Gassman popolare per le critiche a Barracciu (Pd) se l’è presa anche con Giorgia Meloni

L’ultimo campione di questo modo sbagliato ad avviso di Ferrara di dialogare con le istituzioni è l’attore Alessandro Gassman, divenuto popolare come castigamatti di politici “usurpatori” per lo scambio di tweet con il sottosegretario Pd Francesca Barracciu.  Non pago di avere incrociato le lame con il sottosegretario Barracciu, Gassman si è comportato in modo sprezzante e arrogante anche con Giorgia Meloni, incrociandola in un talk show.

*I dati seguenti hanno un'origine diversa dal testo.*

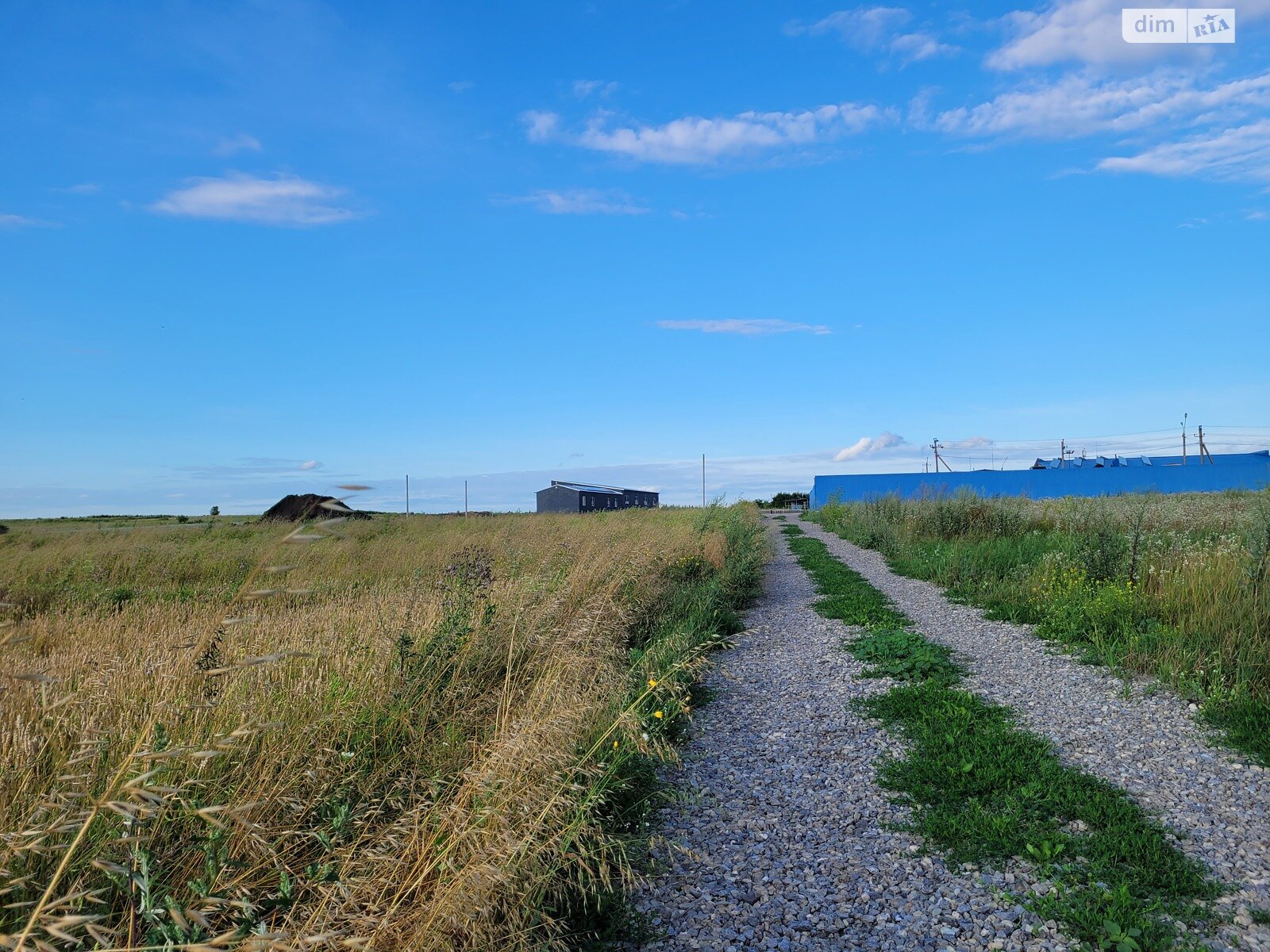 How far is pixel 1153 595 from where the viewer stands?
7957 mm

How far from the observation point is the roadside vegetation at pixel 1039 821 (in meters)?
3.04

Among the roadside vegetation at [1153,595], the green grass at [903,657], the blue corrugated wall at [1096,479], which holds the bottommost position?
the green grass at [903,657]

Ferrara: La gente come Gassman deve stare al suo posto

Alla fine Gassman dice alla Meloni: io la pago, la posso criticare qaunto e come voglio. E Giorgia Meloni non ha obiettato, limitandosi a dire: “Ah, questo sì, ma per quello che faccio”. Bè Ferrara pensa che sia giunto il momento di dare una lezione a gente come Alessandro Gassman, una risposta-tipo, scrive sul Foglio, avrebbe potuto perciò essere la seguente: “Lei ha il diritto di criticarmi, ma stai al suo posto, non faccia di me il suo zerbino, non sono una sua impiegata. Lei paga le tasse, e le pago anch’io: lo stato si attrezza per dare un peso rappresentativo al voto dei cittadini, il suo e il mio, e a me capita di essere parte di un’assemblea elettiva che fa le leggi e dispone della politica di governo attraverso l’attività quotidiana, il voto di fiducia. Mi sono candiata e sono stata votata per questo. Si chiama democrazia, una cosa per cui la cittadinanza non è effimera e a disposizione del primo demagogo che passa, e lei può essere un avversario anche durissimo della mia parte e delle mie idee ma non deve calpestare la mia funzione, e avvilirla”.